Produce a verbatim copy of the following records, leaving out all pictures.

Source records:

☆ ☆ ☆

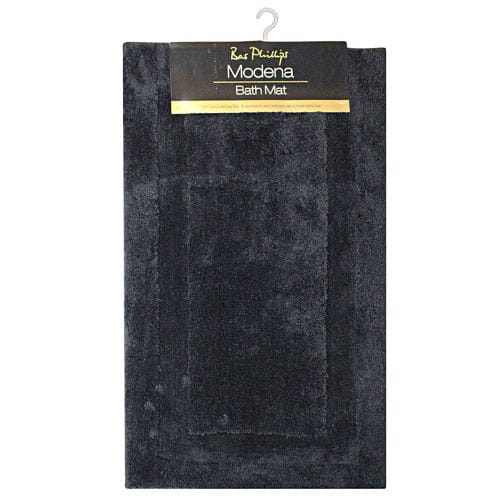 Bas Phillips Bathroom Mat Bas Phillips Modena Bath Mat - Eclipse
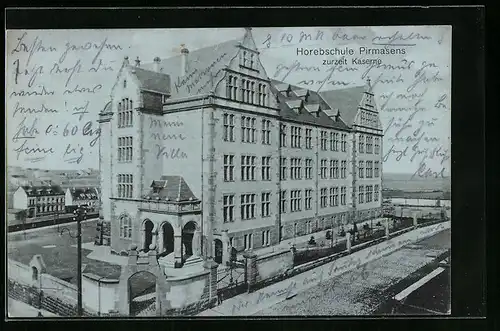 AK Pirmasens, Horebschule zurzeit Kaserne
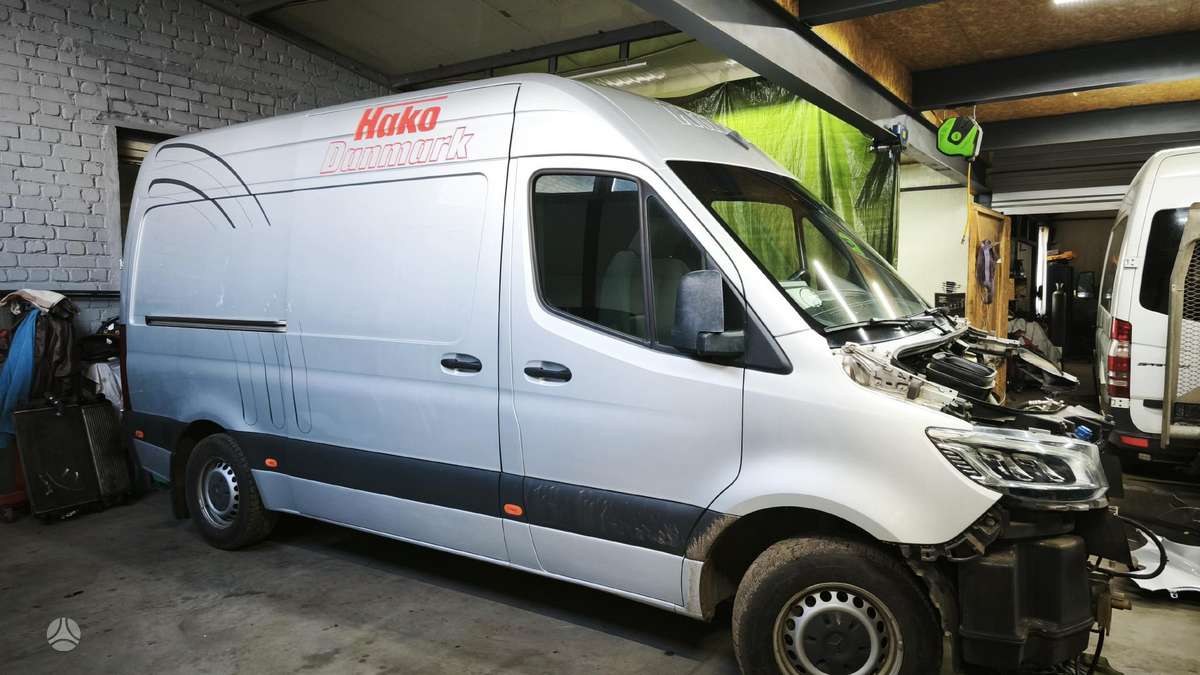 Mercedes-Benz Sprinter, A910 906 58 00, lights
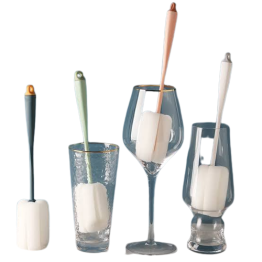 CLEANING BRUSHES, SOFT DISHWASHING FOAM, CUPS, MUGS, KETTLES, WINE GLASSES AND BABY BOTTLES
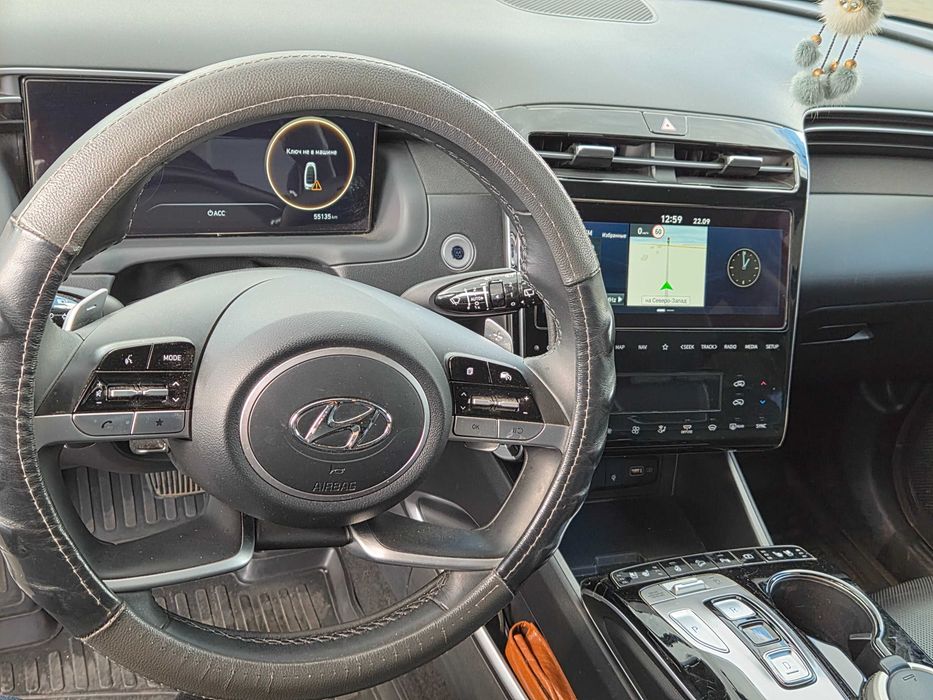 Hyundai Tucson 2023 г.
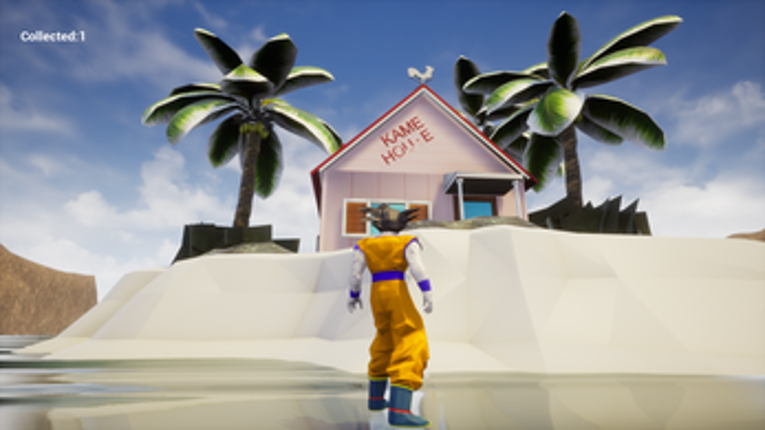 DBZ: Legend of Shenron – Hunt for the dragon balls screenshot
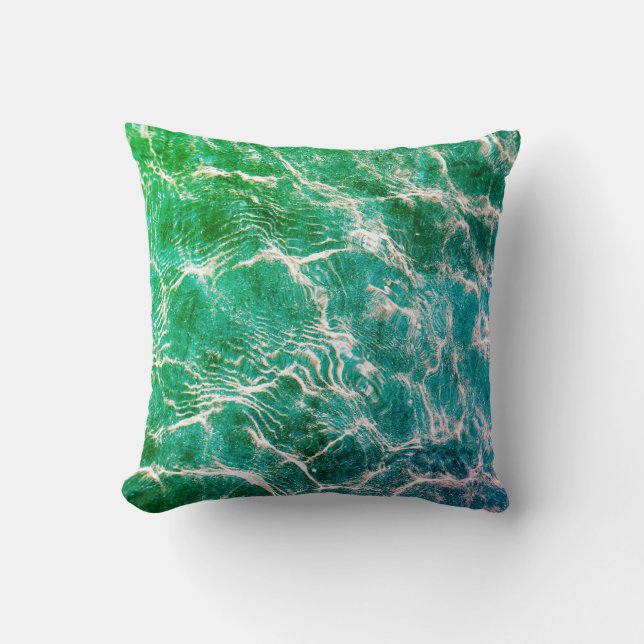 Vibrant Harmony: Multi-Colour Design Cushion (Front)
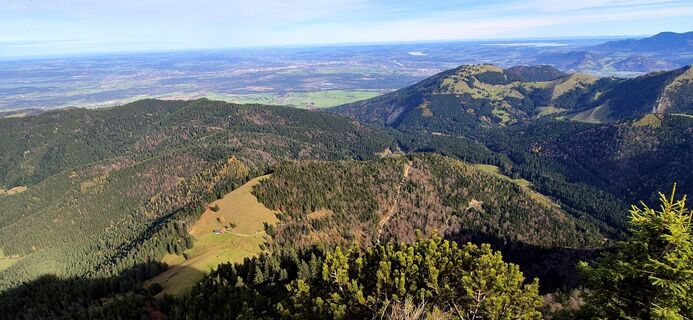 Photo de Thomas Schekira le long du parcours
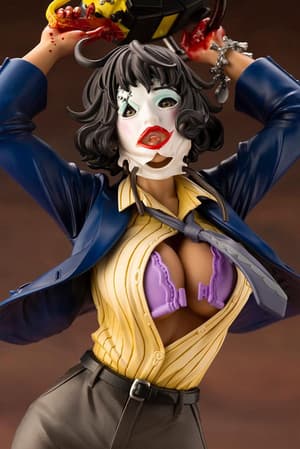 Leatherface - Chainsaw Dance - Horror Bishoujo - Kotobukiya - 5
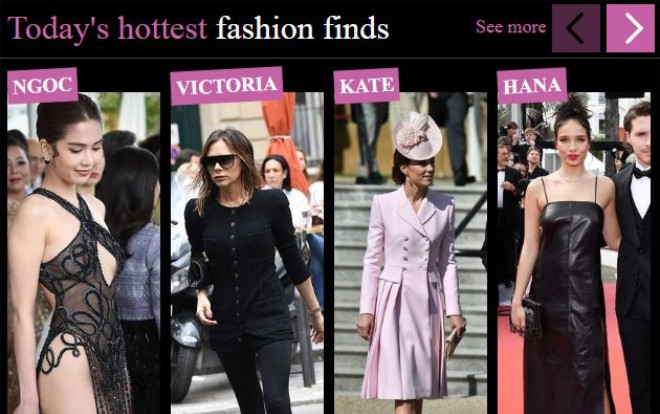 Bộ váy phản cảm của Ngọc Trinh xếp đầu bảng từ khóa tìm kiếm với Vic và công nương Kate nhưng sự thật là… Ảnh 2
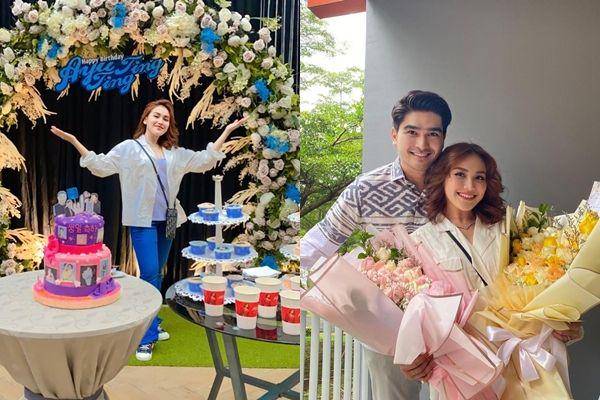 ulang tahun Ayu Ting Ting (Instagram.com/ayutingting92)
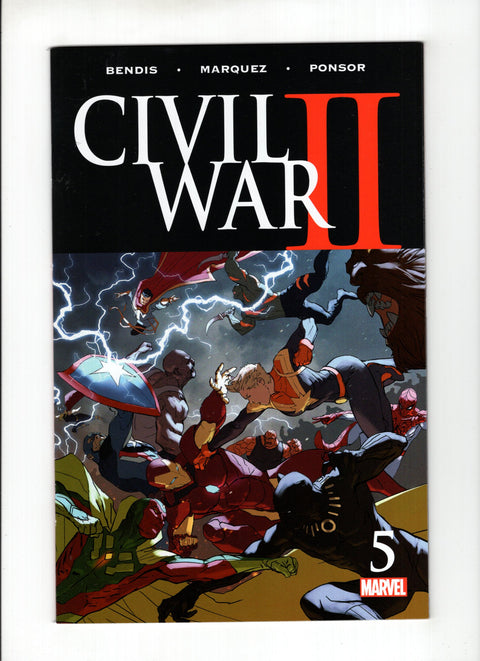 Civil War II #1-8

☆ ☆ ☆

■ Result of this task
 Bas Phillips Bathroom Mat Bas Phillips Modena Bath Mat - Eclipse
 AK Pirmasens, Horebschule zurzeit Kaserne
 Mercedes-Benz Sprinter, A910 906 58 00, lights
 CLEANING BRUSHES, SOFT DISHWASHING FOAM, CUPS, MUGS, KETTLES, WINE GLASSES AND BABY BOTTLES
 Hyundai Tucson 2023 г.
 DBZ: Legend of Shenron – Hunt for the dragon balls screenshot
 Vibrant Harmony: Multi-Colour Design Cushion (Front)
 Photo de Thomas Schekira le long du parcours
 Leatherface - Chainsaw Dance - Horror Bishoujo - Kotobukiya - 5
 Bộ váy phản cảm của Ngọc Trinh xếp đầu bảng từ khóa tìm kiếm với Vic và công nương Kate nhưng sự thật là… Ảnh 2
 ulang tahun Ayu Ting Ting (Instagram.com/ayutingting92)
 Civil War II #1-8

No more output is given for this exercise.